Em fevereiro do ano passado, Jason Miller, 49, surpreendeu pessoas próximas ao despedir-se abruptamente da rede social Gettr, que ele havia fundado menos de dois anos antes, para embarcar na pré-campanha presidencial de Donald Trump.
Naquela altura, a Gettr, uma ferramenta de postagens curtas, vinha crescendo como uma alternativa ao então Twitter pré-Elon Musk, ao atrair sobretudo usuários de perfil direitista.
Trump, por outro lado, ainda não tinha certeza nem se seria o candidato do Partido Republicano à Casa Branca, menos ainda da vitória.
O gesto de trocar o certo pelo duvidoso é revelador da fidelidade canina de Miller a Trump, de quem se aproximou no início da década passada após ter assessorado diversos candidatos republicanos ao Congresso americano.
Os percalços que ele enfrentou nesta trajetória, incluindo alguns escândalos, não foram suficientes para desgastá-lo perante o ex e futuro presidente.
Para o Brasil, a presença de Miller ao lado do novo presidente tem significado especial.
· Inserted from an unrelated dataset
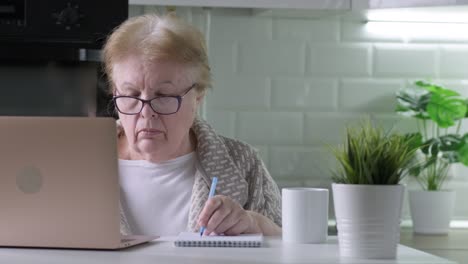 senior woman in glasses working using laptop with serious face at home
Nos últimos anos, ele buscou desbravar o mercado nacional para a Gettr.
Em ao menos três visitas ao país, construiu uma relação próxima com Jair Bolsonaro e tornou-se um dos canais do ex-presidente brasileiro e seus aliados com o trumpismo. É especialmente ligado ao deputado federal Eduardo Bolsonaro (PL-SP).
Na manifestação do 7 de setembro de 2022 na praia de Copacabana, em que Bolsonaro misturou comemoração cívica com comício eleitoral, Miller mandou instalar um totem inflável gigante de sua empresa na praia de Copacabana, com os dizeres, em português: “A nova rede social que luta contra a Big Tech. Chegou a hora de dizer o que pensa do jeito que quer”.
Como um gringo empolgado com o Brasil, encantou-se pelas churrascarias e pelo futebol, tornando-se fã do Palmeiras.
Numa visita em setembro de 2021, acabou detido para questionamentos pela Polícia Federal, no contexto do inquérito das fake news.
A suspeita era de que a então nascente Gettr estivesse se tornando um refúgio para extremistas bolsonaristas, interessados na promessa de que era uma rede em defesa da liberdade de expressão –em outras palavras, que não se preocupasse tanto com a divulgação de notícias distorcidas.
Liberado depois de três horas, encarou o caso com deboche. “Se eu soubesse que ficar detido por três horas me traria 100 mil novos seguidores no Brasil, teria ficado detido por seis horas”, disse.
No universo Trump, Miller é um misto de consultor e marqueteiro, sempre disponível para servir de anteparo ao chefe. Na campanha de 2016, esteve na linha de frente e acabou sendo recompensado com o cargo de diretor de comunicação da Casa Branca após a vitória do republicano.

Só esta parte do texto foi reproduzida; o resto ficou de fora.